Très légitime en soi, cette réserve ne laissera pas de nous contrarier quelque peu ; elle nous privera de maint renseignement que Gabriel Biel nous eût aisément fourni ; toutefois, elle ne l’a pas empêché de nous dire quel était dans l’École de Tubingue, vers la fin du xve siècle, le prestige des doctrines engendrées à Paris.

Il va nous donner encore un autre enseignement.

Les décrets par lesquels Étienne Tempier, en 1277, avait condamné un grand nombre de propositions formulées par des philosophes et des théologiens n’avaient légalement aucun pouvoir hors du diocèse de Paris ; certaines Universités, celle de Toulouse, par exemple, n’avaient pas craint de se vanter bien haut, et tout aussitôt après la décision de Tempier, d’enseigner ce que Paris proscrivait.

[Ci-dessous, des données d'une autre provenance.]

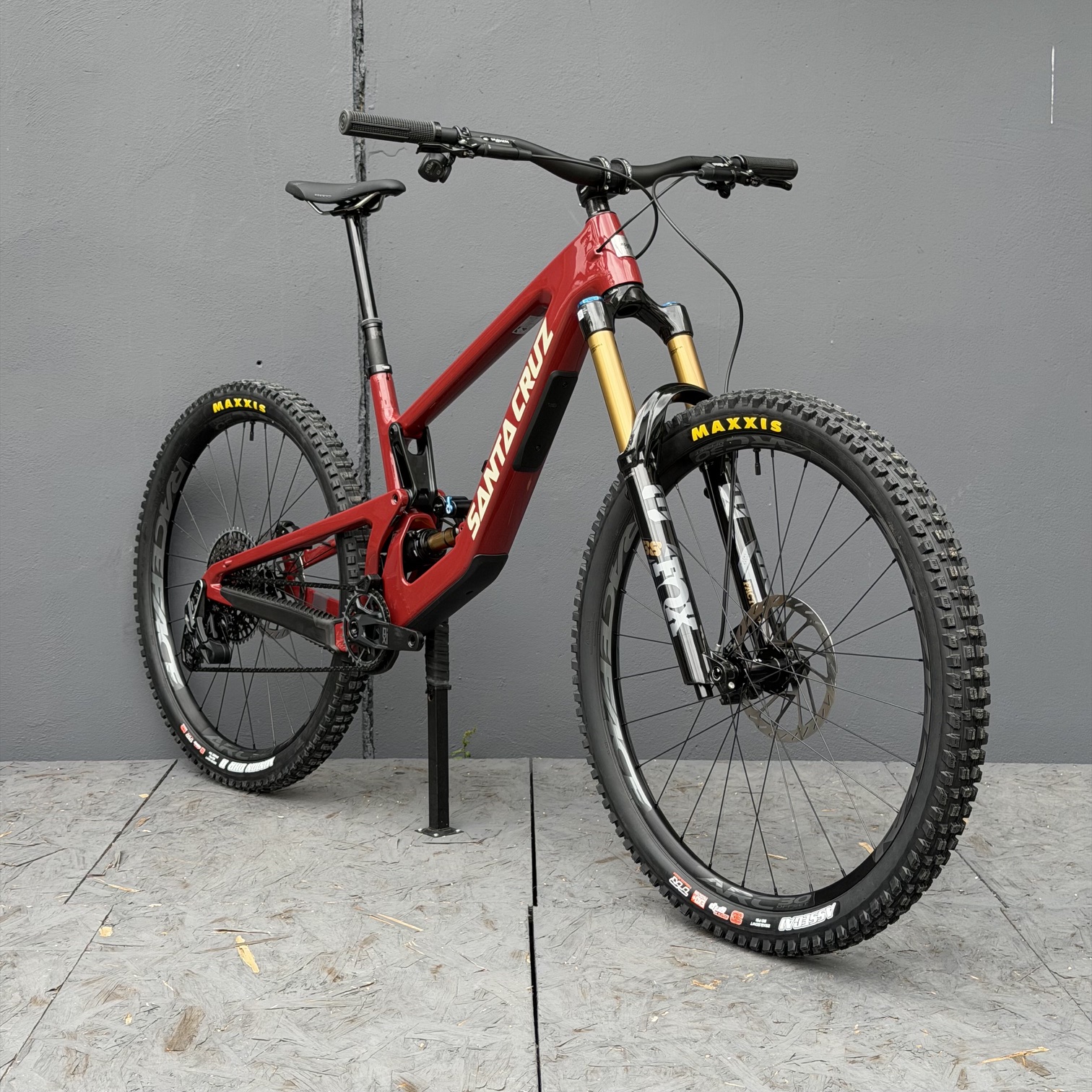 SANTA CRUZ Megatower XO AXS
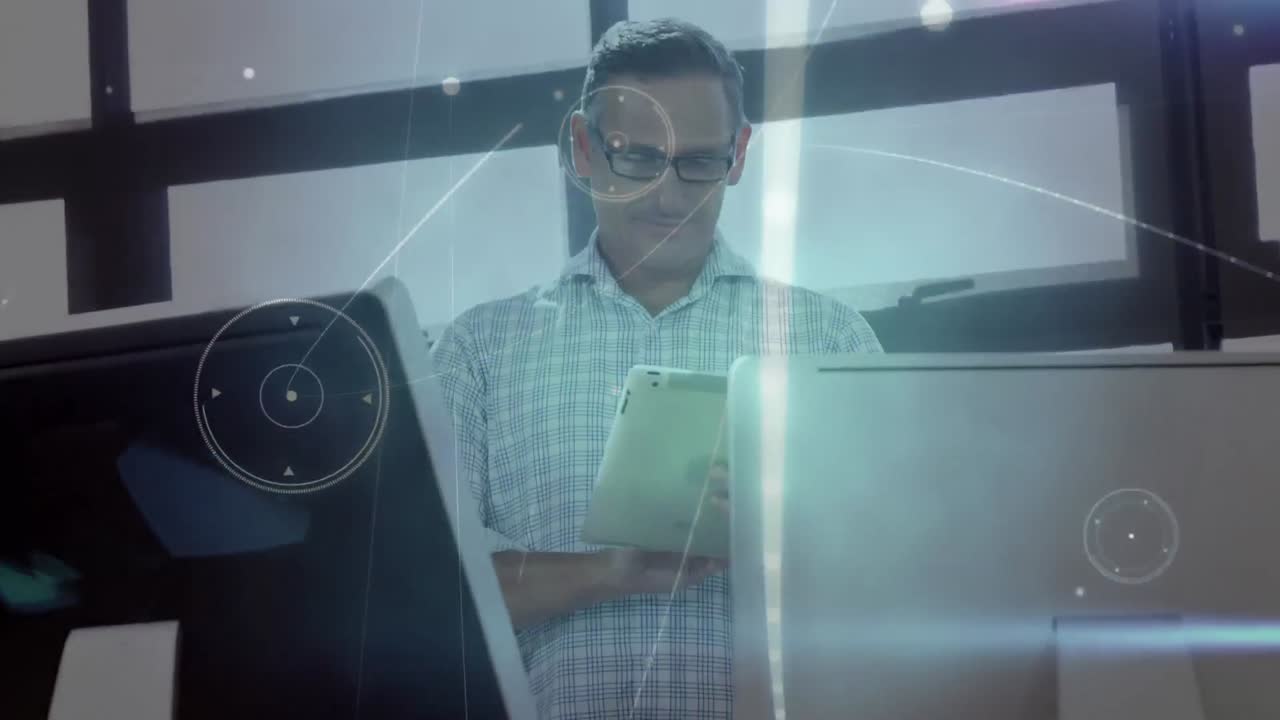 animación de la red de conexiones a través de un hombre de negocios que usa una tableta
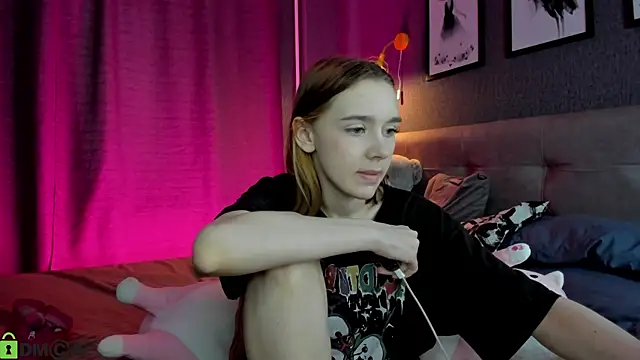 Lesi_Moonie01 webcam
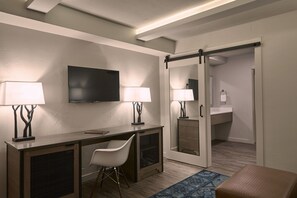 Suite, 1 slaapkamer | Woonruimte | Een 50-inch flatscreentelevisie met satellietzenders en televisie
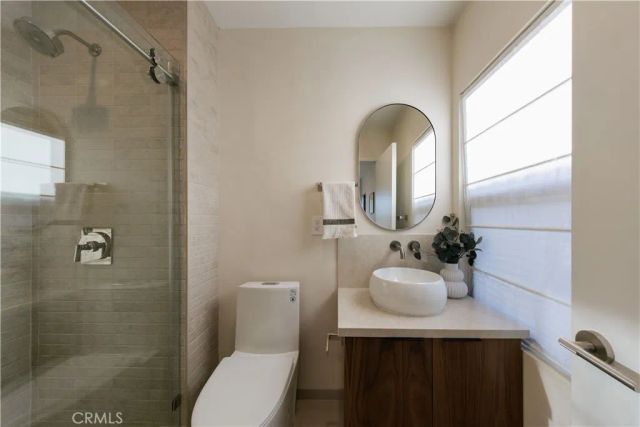 6132 W 82nd, Los Angeles, CA 90045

Dans les Universités allemandes, au contraire, on professait une telle vénération pour les opinions parisiennes qu’au cours du xve siècle, au commencement même du xvie siècle, on se soumettait pleinement aux décisions de l’Évêque de Paris ; on leur reconnaissait pleine autorité, comme si l’Église de Paris eût été la véritable dépositaire de l’orthodoxie chrétienne. Biel, par exemple, n’hésite pas à invoquer cette autorité. Lorsqu’il discute de quelle manière un ange se peut mouvoir, il déclare erronée une certaine opinion, puis il ajoute[1] : « De là le 203e article de Paris : Dire que les substances séparées ne sont en un lieu que par leur opération ; qu’une telle substance peut se mouvoir d’un extrême à l’autre sans franchir l’espace intermédiaire ; qu’elle peut vouloir opérer F un des deux extrêmes ou bien en tous deux, et point dans l’intervalle, c’est une erreur. »

Biel nous donne ici un témoignage bien significatif de la soumission toute volontaire des Universités allemandes à l’égard de la doctrine de Paris.

1. Gabrielis Biel Op. laud., lib. II, dist. II, quæst. II ; éd. cit., 2° fol. après le fol. sign. bb iiij, col. d.